Корр.: Вы с детства пишете дневники. Как вы считаете, для чего люди их пишут? И может ли быть человек до конца честен в своих дневниках, если есть вероятность, что их будут читать другие?
А.Д.: Я не знаю, у каждого человека, видимо, свои цели. И каждый пишет их по своим соображениям.
Корр.: Думаете, их авторы искренни?
А.Д.: Понятия не имею! Когда я читаю чужие дневники, я сразу понимаю, для чего это писалось, в какой момент это писалось, но опять-таки – это надо знать… Предположим, вы читаете записные книжки Ахматовой – но надо знать вначале всю Ахматову, чтобы понять, в каком контексте это было написано, почему было написано, для разъяснения ли потомкам. Или когда начинаешь читать записные книжки Цветаевой – для чего она, например, записала за маленькой Алей, которая еще не умела говорить: «Вошел человек Николай. “Аля, скажи: Николай”, – молчит. – “Ну давай по слогам: Ни…” – “Ни”. – “Ко…” – “Ко”. – “Лай” – “Гав”!» Для чего она это записала? Явно для того, чтобы оставить, потому что это было что-то очень забавное.
Что касается меня, то в основном дневники были скорее на гастролях, от одиночества. Я всегда люблю быть одна. Я не люблю собеседника. И от этого – желание что-то зафиксировать, вот как вы сказали, с зеркалом диалог… Дневники – это скорее диалог с самим собой или фиксация времени, которое слишком однообразно. И поэтому у меня разные дневники. Иногда типа Блока: «мама уехала, мама приехала». Иногда чисто информационный материал. Иногда какие-то мысли, которые у меня возникли. Вместо записных книжек. Кстати, записных книжек у меня очень много, но они тоже дневниковые. Иногда поставлена дата, не поставлен год, и потом поди ищи, когда это было, иногда есть и дата и год, если я дней двадцать живу где-то в другой стране и у меня нет с собой дневника, а есть записная книжка.

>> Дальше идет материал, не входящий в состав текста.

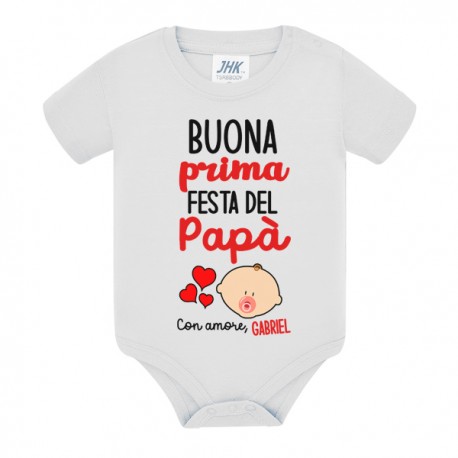 Body neonato neonata Buona Prima Festa del Papà! Con amore, personalizzato con nome bimbo o bimba! Bebè carino!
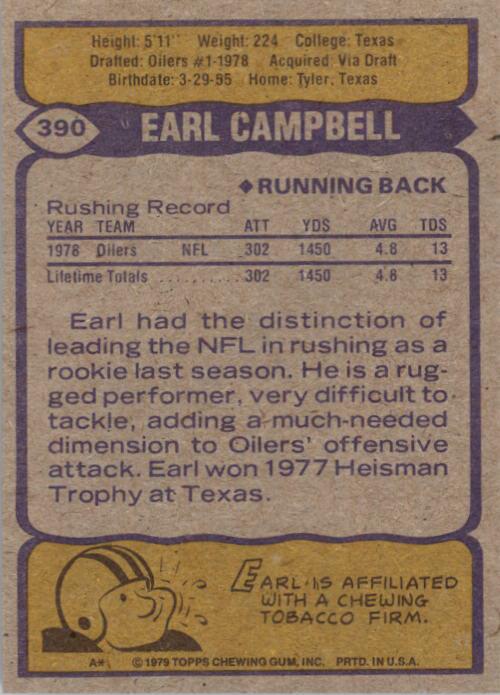 1979 Topps #390 Earl Campbell RC back image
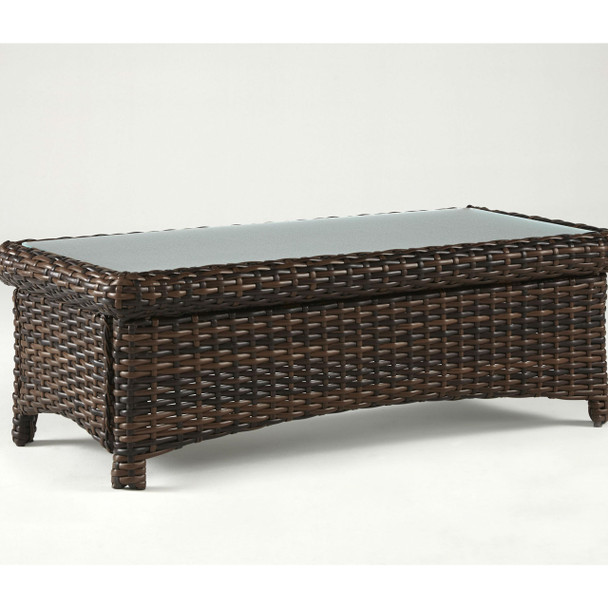 Saint Tropez Outdoor Coffee Table with Glass Top in Tobacco finish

Но потом, в 90-е годы, у меня появился друг в Бостоне, в Гарвардском университете, – профессор Том Батлер. И я ему стала писать письма, именно из других стран, потому что из Москвы было тогда бесполезно, почта не работала, да если бы и работала, я все равно не стала за границу писать, потому что в этом смысле я трусиха. И так это продолжалось довольно долго. Однажды я что-то искала и наткнулась на неотправленное ему письмо из Португалии или Испании. И, прочитав это письмо, я увидела, что практически это дневниковая запись о наших гастролях. Я ему позвонила и спросила: «У вас сохранились мои письма?» – «Да, все». – «Пришлите мне».

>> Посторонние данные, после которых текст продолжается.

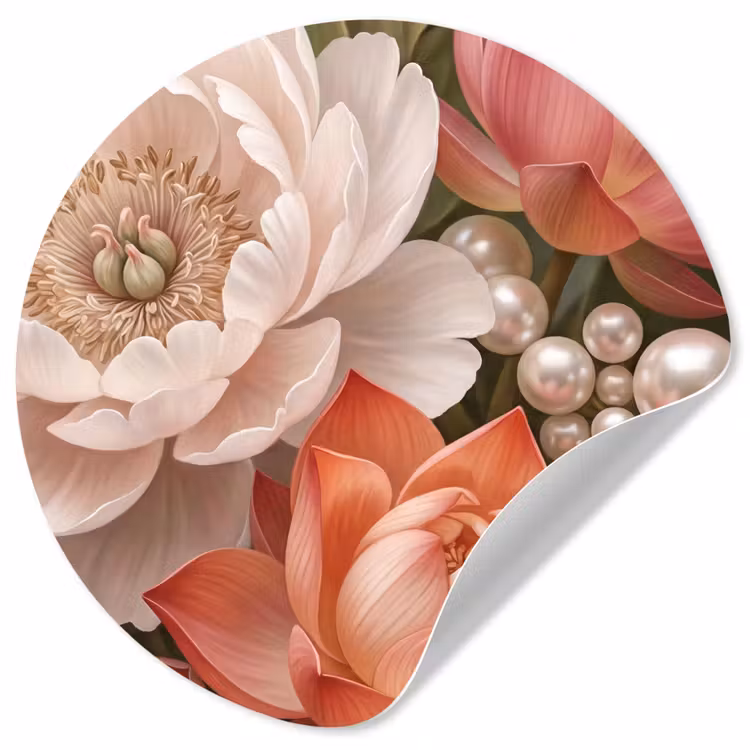 Behangcirkel - Bloemen - Parels - Elegant - Roze - Wit — 1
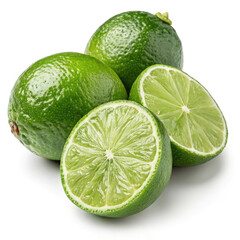 limes isolated on white background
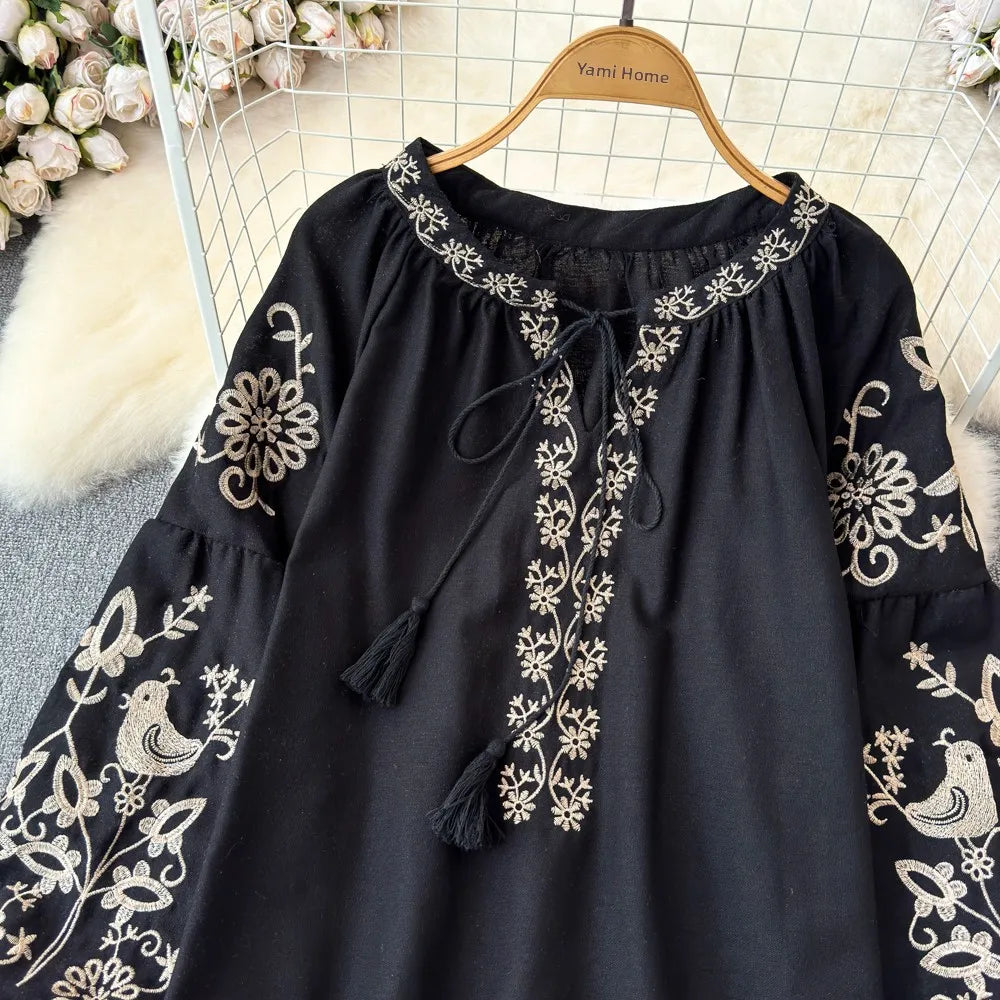 RBB Women's Retro Ethnic Embroidered Shirt –  Style Loose Long Sleeve Blouse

Он прислал. Я не такая аккуратная, но кое-что, какие-то его письма тоже нашла. Увидела, что это составилось в какое-то такое дневниковое действо с 1990-х годов по 2003-й. Но чего-то не хватало… Я стала искать свои старые дневниковые записи, дополнять что-то, возникало какое-то имя, например, Антуан Витез или Терзопулос, с которым я последнее время работаю, и надо было это какими-то ремарками, главками разъяснять, и вот так составилась книжка.
Из писем к N:
Оказывается, «теория» по-гречески означает «созерцание». То-то я сижу на балконе, пишу Вам письмо, смотрю на Акрополь и теоретизирую <…>
Обратившись к собственной душе, человек понял, что он всего лишь песчинка в огромном Космосе. Но у каждого человека есть своя ниша. Найти собственную нишу в огромном мироздании – вот цель.

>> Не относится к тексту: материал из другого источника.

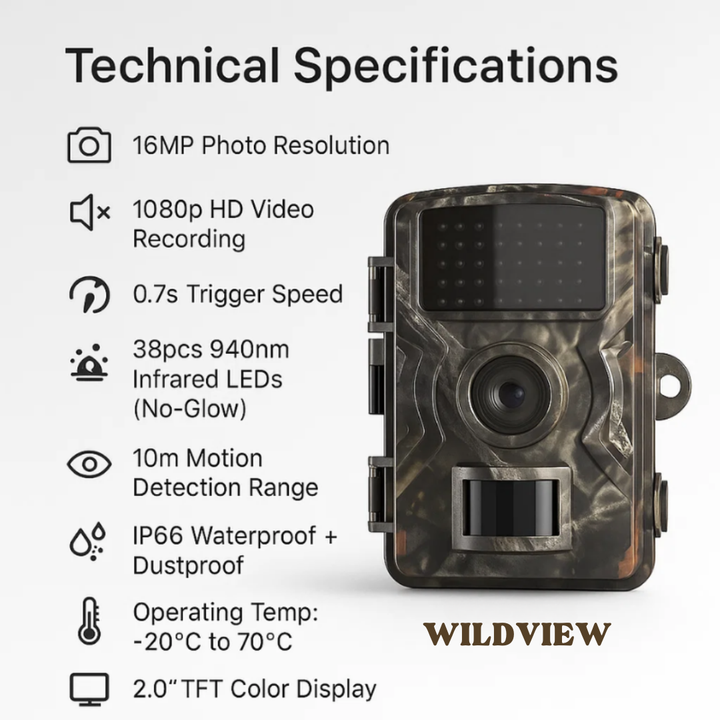 High-resolution 16MP Trail Camera for wildlife observation, featuring night vision and motion activation.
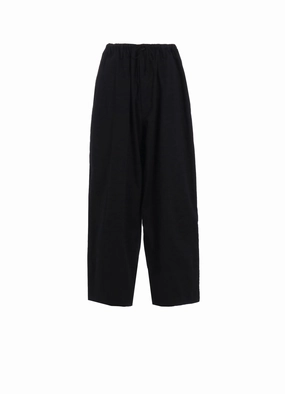 Anti Pilling Finish Ripstop Texture BAROQUE EMBROIDERY WAIST-STRING WIDE PANTS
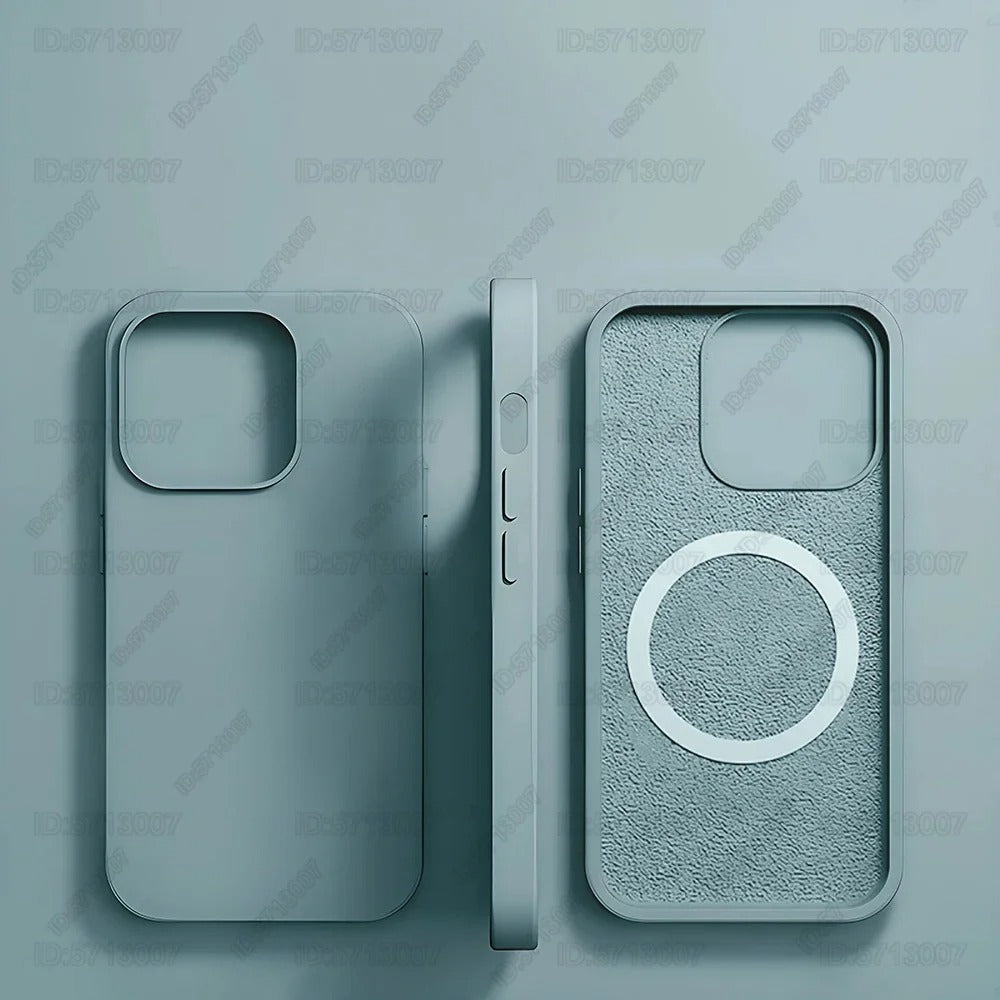 Original liquid silicone magnetic shockproof case for iPhone 16, 15 Pro Max 16 Plus, compatible with MagSafe wireless charging.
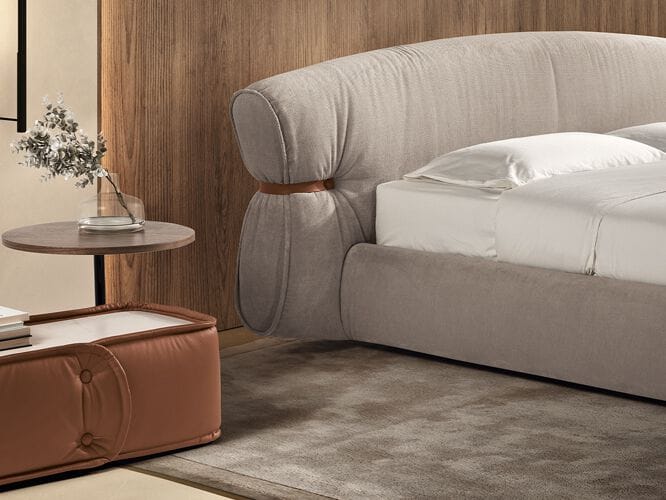Двуспальная кровать из ткани с мягким изголовьем Max Divani BonBon ARCH-00083422 - Вид №8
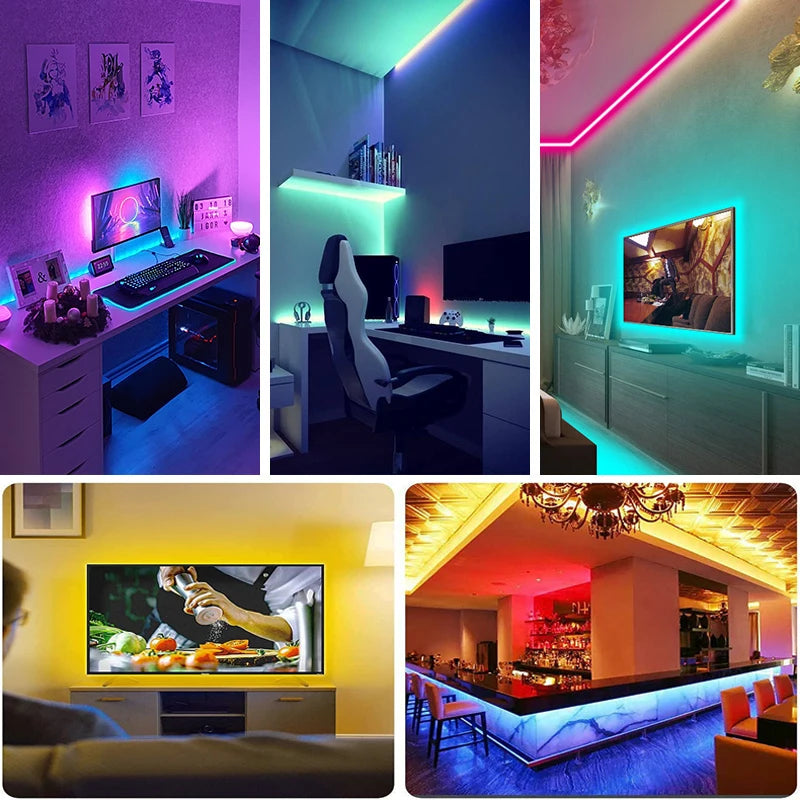 USB LED Strip Lights Bluetooth Control RGB Led Lights for TV Flexible Ribbon RGB LED Tape Self-adhesive TV Backlight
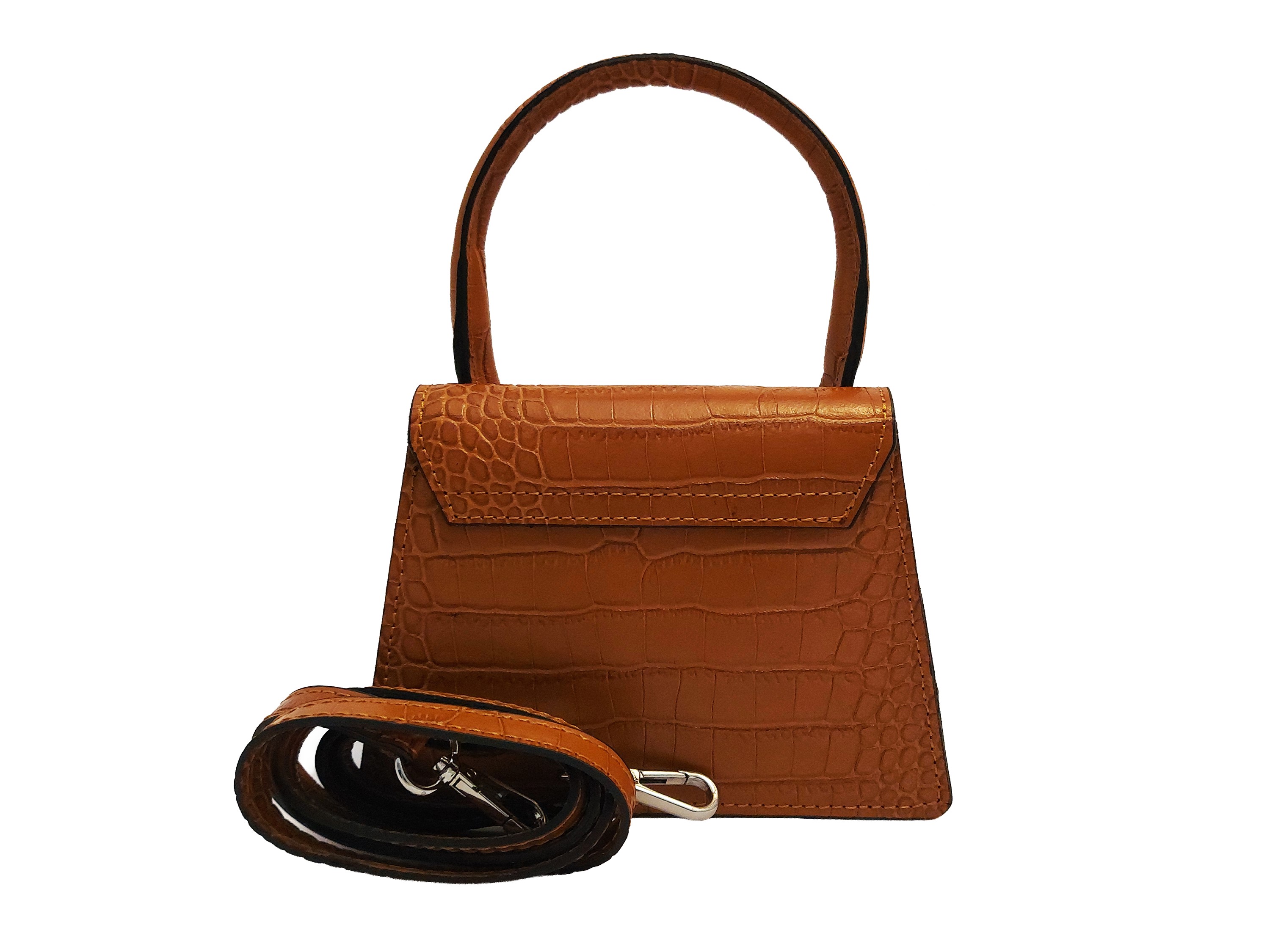 Borsa mini in pelle ecologica beige con stampa effetto cocco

Но при этом в вопросах судьбы я фаталист. Я считаю, что каждому предопределена своя программа и ее нельзя ломать, это чревато трагедией. <…> Борются именно те, кто не может сам себе найти место, эту нишу в искусстве. Человек же, который для себя в творчестве ее определил, свободен. Ему ничего не страшно. <…>
Все равно время вымывает таланты дьяволов. Они – сиюминутны. Остается светлый талант, талант от Бога, энергия с положительным зарядом.
Для меня интеллигент – это человек, для которого в первую очередь существуют моральные законы. Если они существуют, то человек не меняется – независимо от времени. А если для него эти законы никогда не существовали, значит, он никогда не был интеллигентом, а только рядился в эту маску. Поэтому вопрос можно поставить так: «Изменилась ли маска интеллигенции?» Да, изменилась. И не в лучшую сторону, потому что в лучшую сторону человек может измениться только изнутри.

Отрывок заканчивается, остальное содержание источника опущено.